Like an imposter crashing a masquerade ball, Timberlake crosses time zones with his new “cash,” to taste of the sweeter life and, ultimately, bring the entire system crashing down. “No man should live forever if even one man has to die because of it,” he says like a crusader for the underclass. For a film with this heady conceit, the translation is: “No man should be rich if even one man has to be poor because of it.”
Tracking Timberlake and all the new time he has on his hands is a steely-nerved detective, called a “timekeeper,” played by the great Cillian Murphy, and the ghetto’s reigning gangster, a posh-talking Alex Pettyfer, who helps the Big Brother-like authorities by keeping the poor folks poor and quarantined in the slums through intimidation and theft.
Niccol does an admirable job of condensing weighty ideas and motifs into an accessible 90-minute action film, the problem is that these ideas, each of which could buttress their own film, feel too shallowly explored in this shoot ‘em style.

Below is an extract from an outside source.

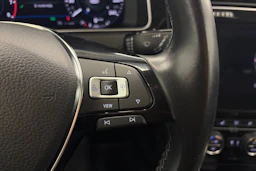 sininen Volkswagen Golf 2019 kuva 16.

A slightly slower and moodier think piece (think Blade Runner or 2001: A Space Odyssey) would have allowed the idea of earning enough to live an eternity on Earth or the decision-making necessary to choose among commodities or necessities when life is at stake could have been explored in a more emotionally satisfying way.
Still, Timberlake’s performance is a decent enough heroic foil to Kartheiser’s devil in disguise, and Amanda Seyfried’s spoiled girl-gone-bad brings an unpredictable air to this Logan’s Run chase to make it worth seeing. In Time wants to be high-brow, but it is not. It’s simply one of the more unique action thrillers you’ll find on DVD this year.